The interaction came during a campaign appearance by LePage at the Madawaska Acadian Festival, as he joined supporters and ate a doughnut by a table at the festival.

LePage campaign spokesperson Brent Littlefield referred a reporter to the Maine Republican Party for a comment but defended LePage’s character. 

“Paul LePage is not like most people. He was homeless as a child and was forced to live on the streets, overcoming tremendous odds to earn an advanced college degree, become a successful businessman, mayor and governor,” Littlefield said. 

Democratic Party spokesperson Misha Linnehan did not identify the staffer, but said he was a research associate with the party. 

Linnehan said the staffer had been to several other events with LePage, but never had a “particularly negative” interaction before the one in the video. The opening of the 22-second video is when the staffer started filming LePage at the Madawaska event, Linnehan said.

Linnehan said the staffer always strives to protect candidates’ personal space when filming them and give them “plenty of room.”

“This level of vitriol was unexpected and surprising, particularly for someone who served as governor for eight years,” Linnehan said. “Then again, given his previous threats, we should expect LePage’s behavior.” 

While it’s common for trackers to film candidates from the opposing party, LePage has lashed out against a Democratic tracker filming him in the past. As governor, he once canceled a meeting with Democratic legislative leaders in 2012 because a party operative had filmed him during a Veterans Day event.

The next day, he singled out the tracker during his formal remarks in the state Senate chamber at the newly elected Legislature’s swearing-in.

“I think it’s vulgar, I think it’s vicious, and I think it’s vile to me and my family,” he said of the Democratic Party dispatching a tracker to film him.

It is also not the first time LePage has implied violence. In 2010, he told a Maine Public anchor he was “about ready” to punch one of the news network’s reporters.

Maine Republican Party Executive Director Jason Savage defended LePage, saying the former governor was upset that the staffer had not respected his personal space and gotten very close in a “sneaky” manner.

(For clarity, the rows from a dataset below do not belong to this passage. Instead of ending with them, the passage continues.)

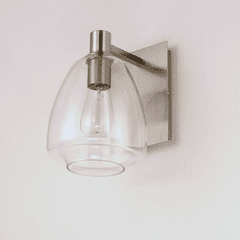 Maxim Babylon 1-Light Wall Sconce - Satin Nickel - 11111CLSN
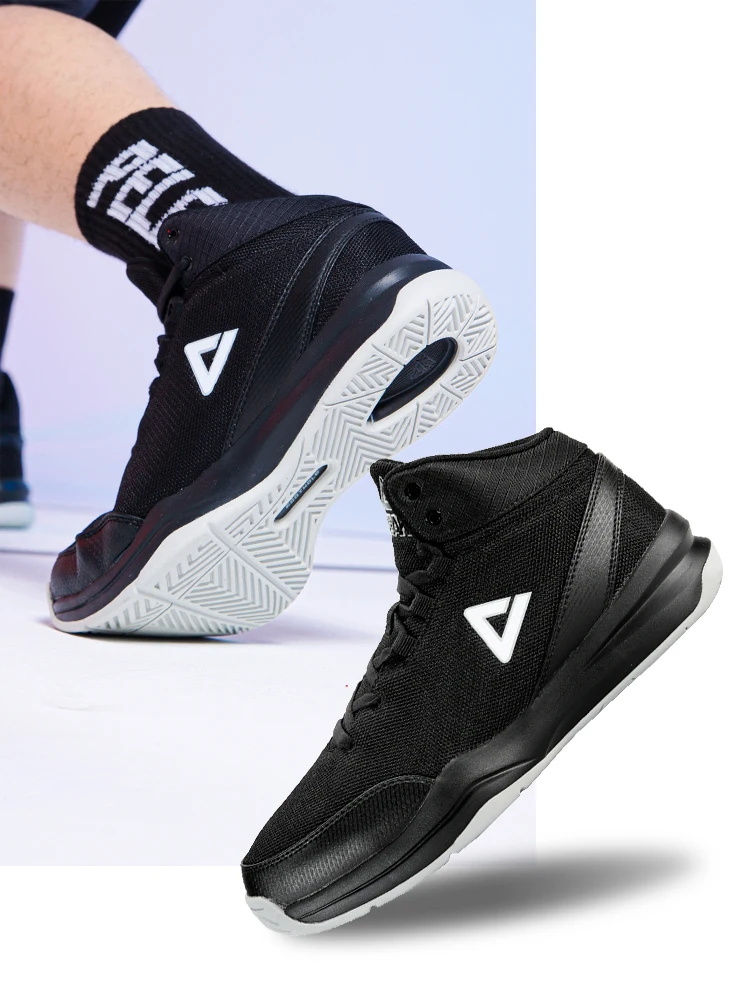 Peak Basketball Shoes Men's New Summer Mesh Breathable High-Top Sneakers Student Men's Wear-Resistant Non-Slip Sneakers
Peak Basketball Shoes Men's New Summer Mesh Breathable High-Top Sneakers Student Men's Wear-Resistant Non-Slip Sneakers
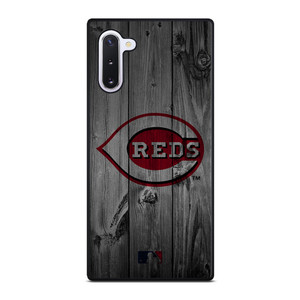 CINCINNATI REDS BASEBALL MLB WOOD LOGO Samsung Galaxy Note 10 Case Cover CINCINNATI REDS BASEBALL MLB WOOD LOGO Samsung Galaxy Note 10 Case Cover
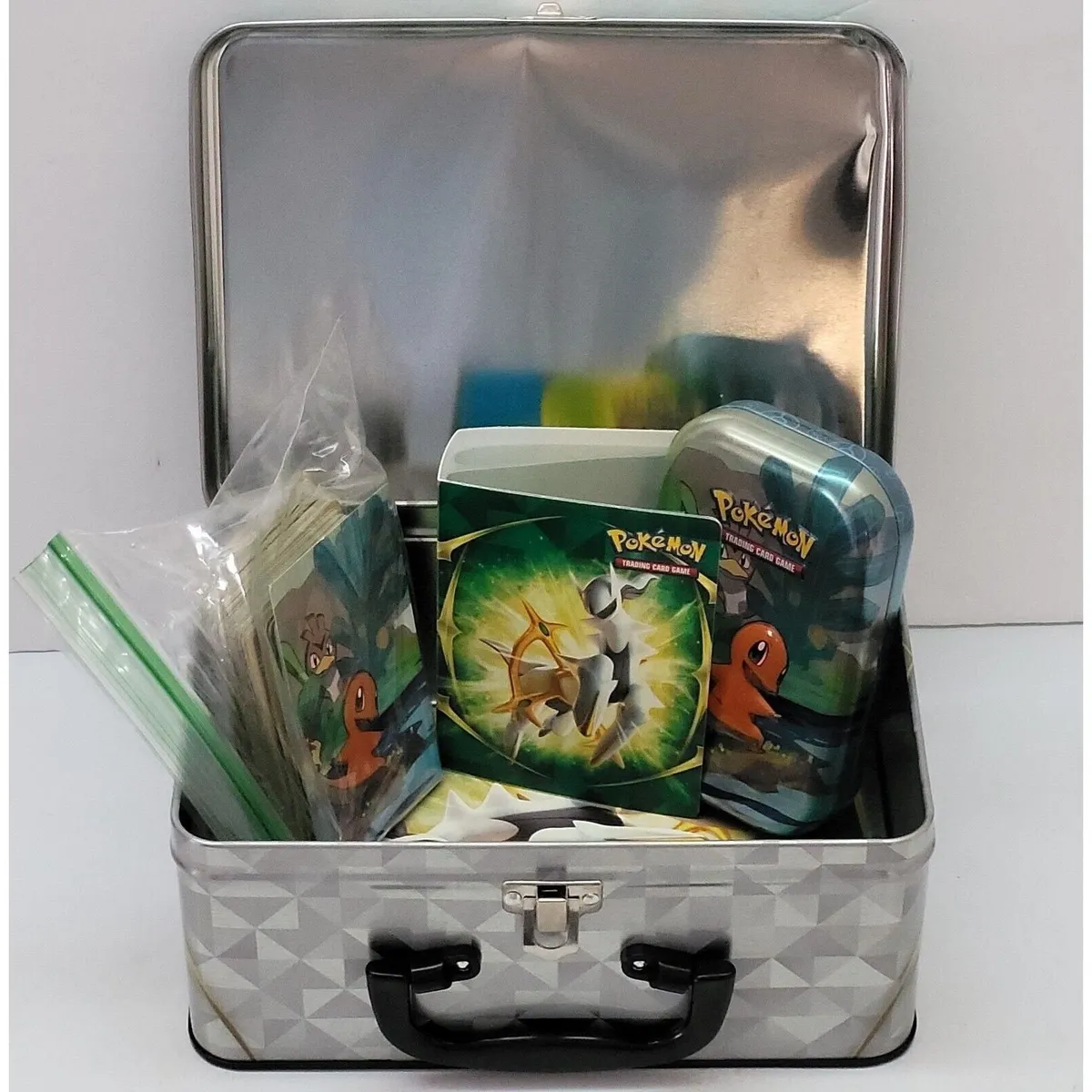 2022 Pokemon BUNDLE Arceus Spring Collectors Chest/81 Card/Stickers/Coins &  More  Whatnot: Shop, Sell, Connect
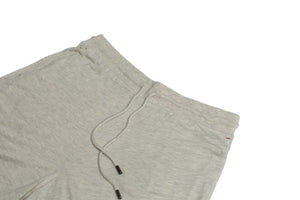 Rayon/Linen Light Grey Heather Short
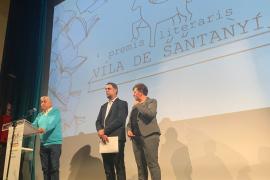 Llucia Serra, Miquel Àngel Vidal i Xavier Uriz, guanyadors dels premis de poesia, narrativa i teatre de Santanyí de 2024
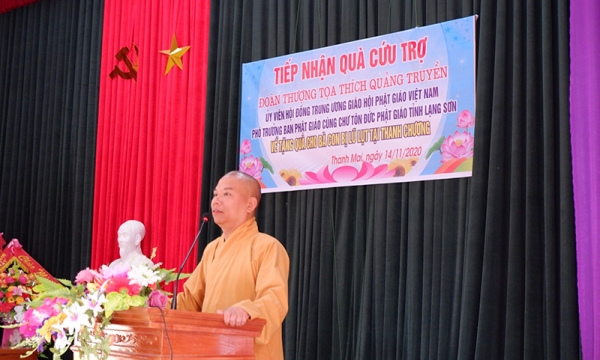 BTS GHPGVN tỉnh Lạng Sơn góp ý về dự thảo quản lý tiền công đức của Bộ Tài chính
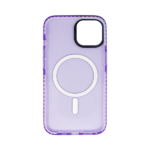 Vivid Magsafe Silicone Case Apple iPhone 14 Purple - Image 3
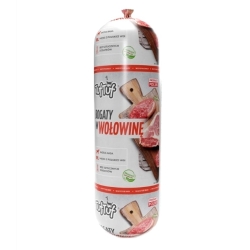 Baton Karma dla psa TUF TUF z Wołowiną 70% Mięsa 900gięsa 900g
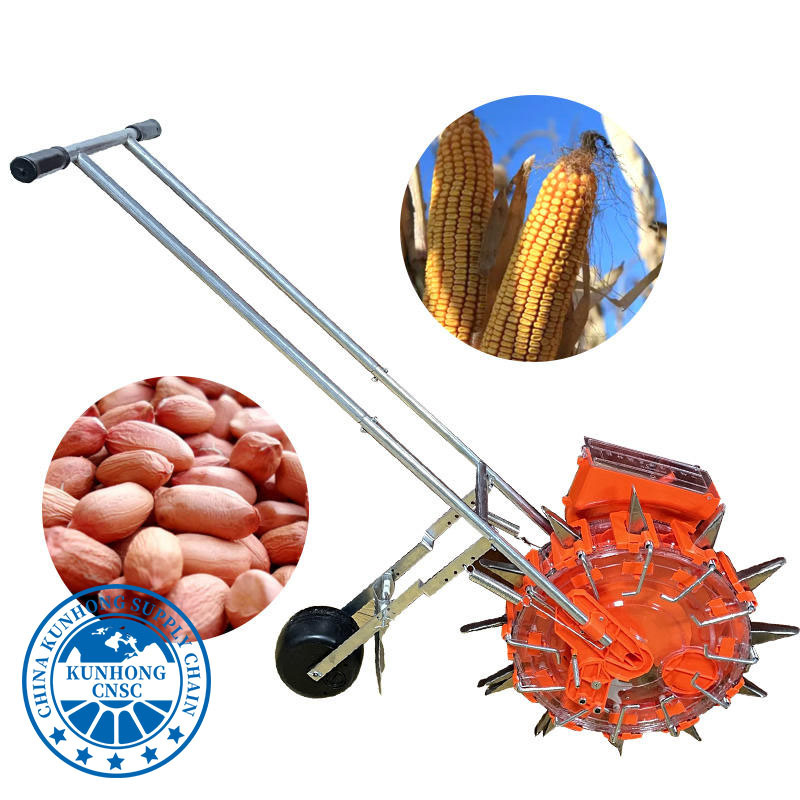 Beet Carrot Garlic Fertilize Corn Manually Seeder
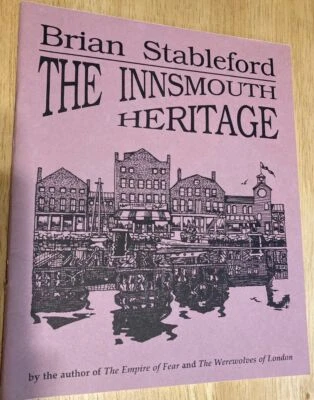  The Innsmouth Heritage Brian Stableford 1992 Necronomicon Press 1st ed. Horror Foto 1 de 2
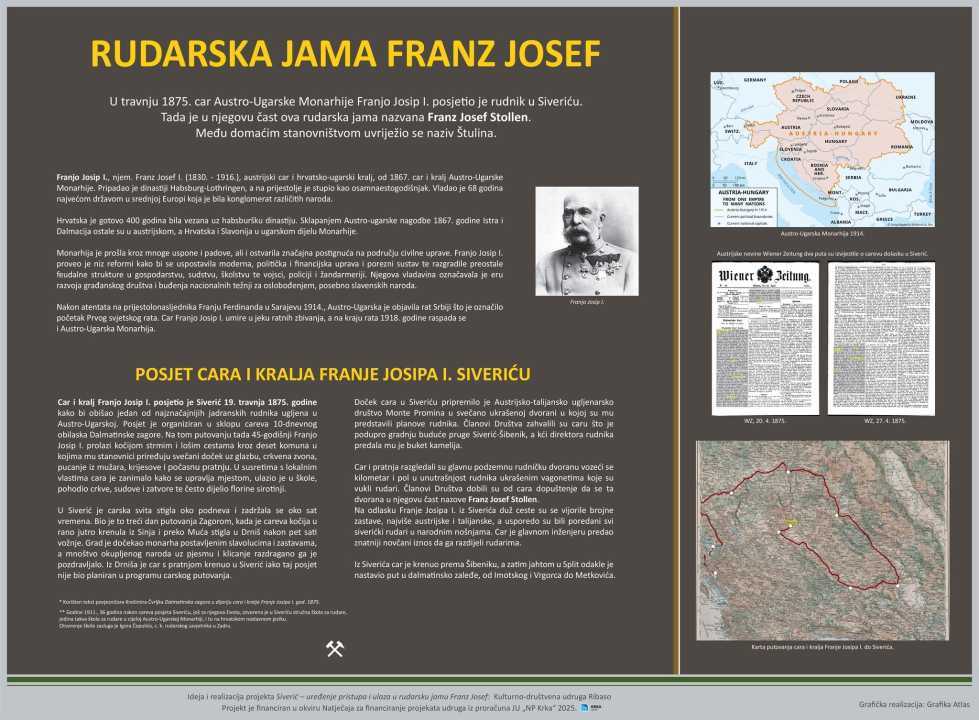 Očuvanje rudarske i povijesne baštine: Uređen plato ispred ulaza u rudnik ugljena u Siveriću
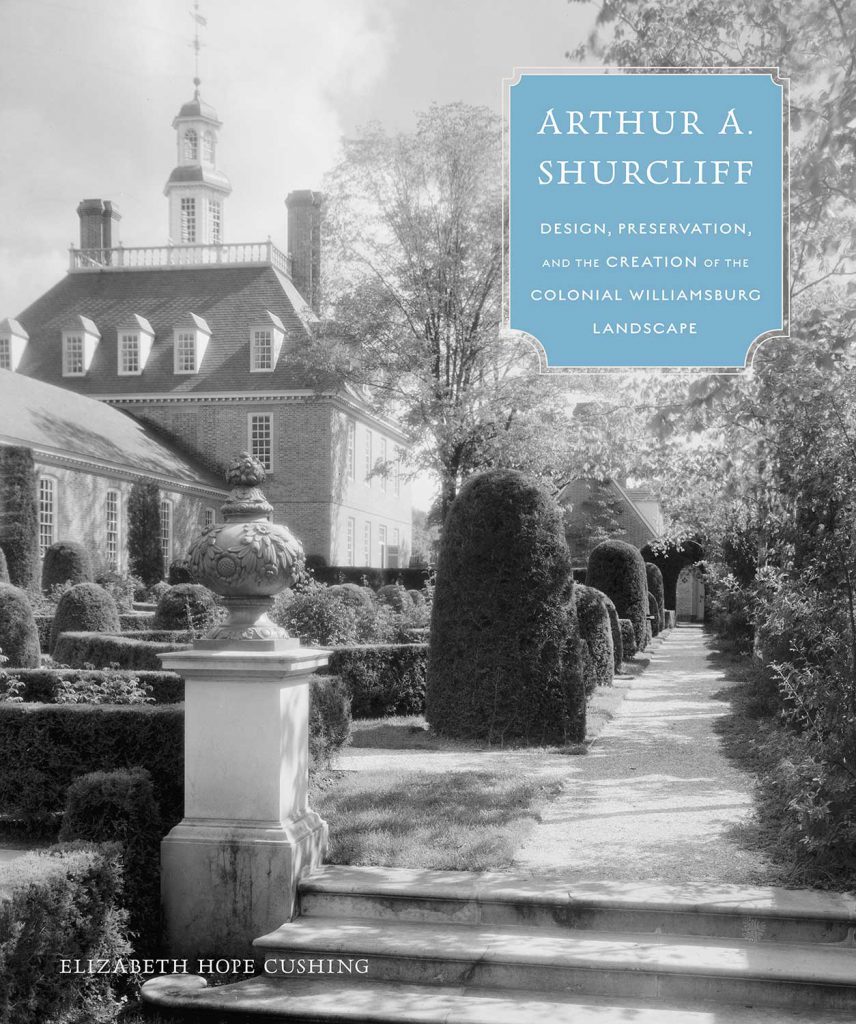 Arthur A. Shurcliff  Cover Image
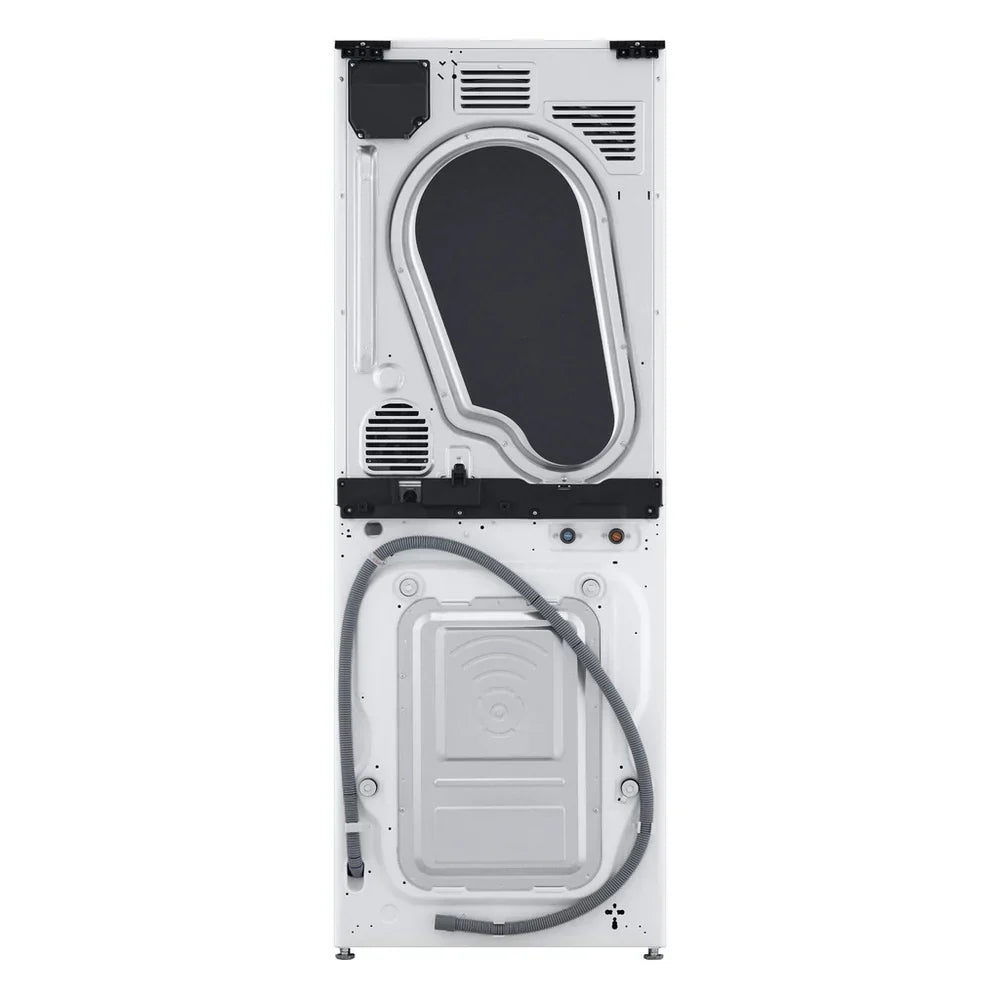 LG WT1210WWF 12kg/10kg 1400 Spin WashTower TurboWash Washer Dryer White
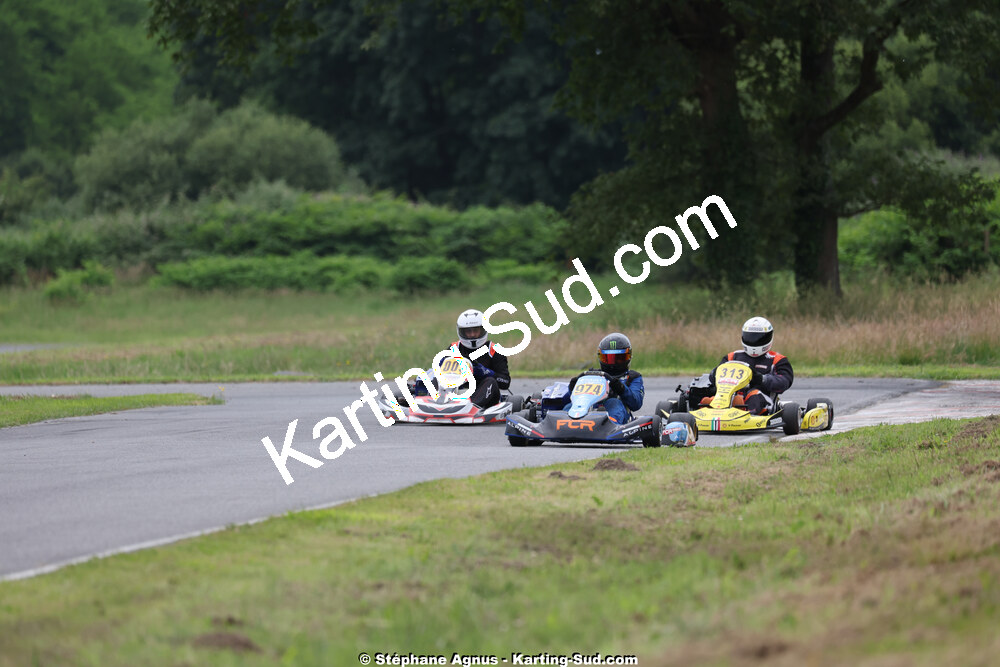 08/06/2025 : 2ème manche du Trophée Ufolep Karting Nouvelle Aquitaine au Circuit Berdery (photos Stéphane Agnus) 2025 — karting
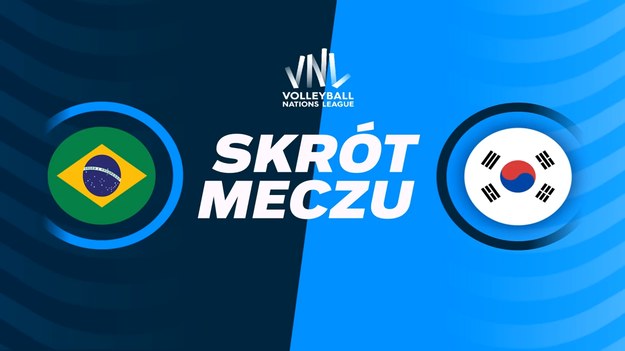 Skrót meczu Brazylia - Korea Południowa.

“There are few Maine elected officials who have faced as many threats as Paul LePage,” Savage said.

Savage said LePage’s upbringing in an abusive home put him under a “different level of personal threat” compared to most people. The cameraman almost bumped into LePage as he tried to walk over a mud puddle, Savage said.

The GOP director also brought up the near-fatal stabbing of author Salman Rushdie last week and the attempted stabbing of a Republican candidate for governor in New York, U.S. Rep. Lee Zeldin, last month.

“Recording candidates is a normal facet of modern politics, but we do not advise anyone recording candidates to get this close or approach people in a sneaky manner,” Savage said.